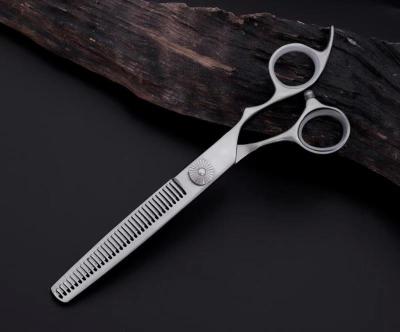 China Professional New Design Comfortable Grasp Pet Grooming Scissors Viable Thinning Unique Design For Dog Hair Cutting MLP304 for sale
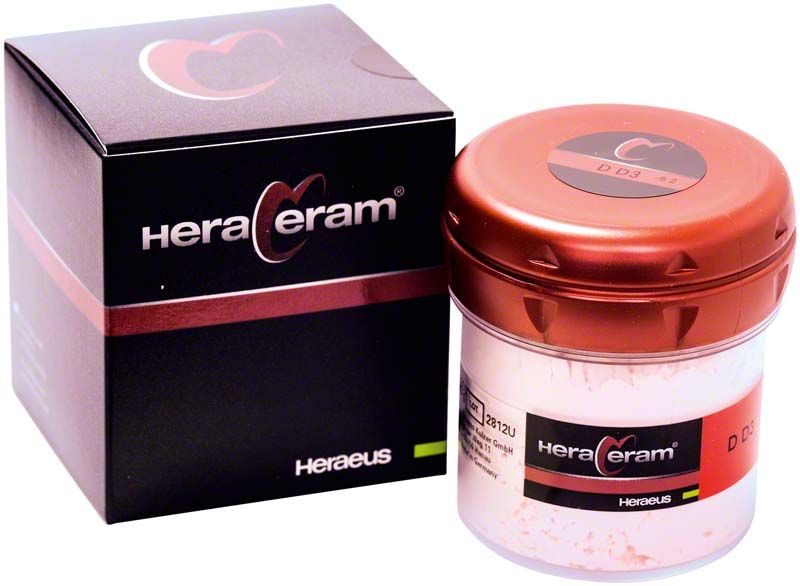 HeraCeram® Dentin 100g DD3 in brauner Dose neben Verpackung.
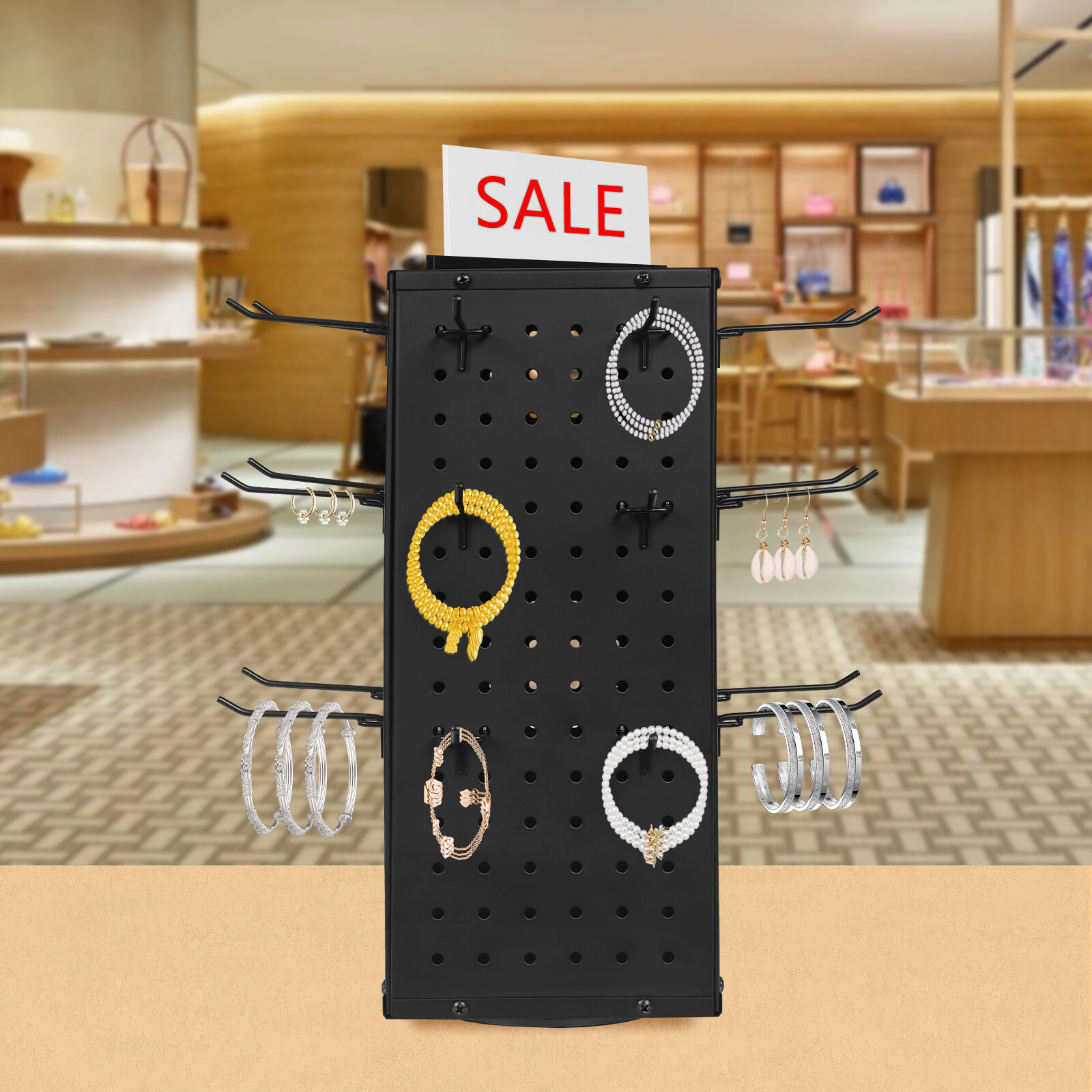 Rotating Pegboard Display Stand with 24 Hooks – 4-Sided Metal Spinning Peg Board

* * *

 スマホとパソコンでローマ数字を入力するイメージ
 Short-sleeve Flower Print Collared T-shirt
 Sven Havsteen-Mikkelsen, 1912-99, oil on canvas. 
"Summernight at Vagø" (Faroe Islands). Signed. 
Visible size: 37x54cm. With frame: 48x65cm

...

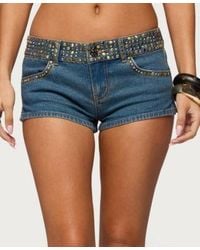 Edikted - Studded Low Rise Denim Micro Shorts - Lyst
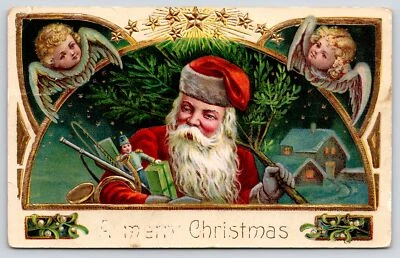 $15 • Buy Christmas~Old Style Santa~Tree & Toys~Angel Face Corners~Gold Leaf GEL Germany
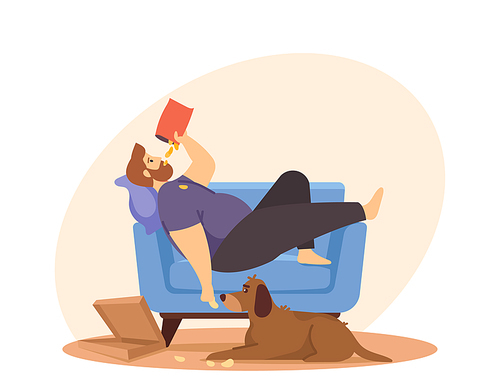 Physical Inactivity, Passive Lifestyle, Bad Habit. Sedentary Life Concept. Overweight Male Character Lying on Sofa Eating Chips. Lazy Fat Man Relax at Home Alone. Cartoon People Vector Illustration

## [WHAT YOU NEED TO DO]
Would you output the lines above from the line holding "China Professional New" up to and including the line holding "Rotating Pegboard Display", exactly and only those, with no pictures?

## [WRITTEN REPLY]
 China Professional New Design Comfortable Grasp Pet Grooming Scissors Viable Thinning Unique Design For Dog Hair Cutting MLP304 for sale
 HeraCeram® Dentin 100g DD3 in brauner Dose neben Verpackung.
 Rotating Pegboard Display Stand with 24 Hooks – 4-Sided Metal Spinning Peg Board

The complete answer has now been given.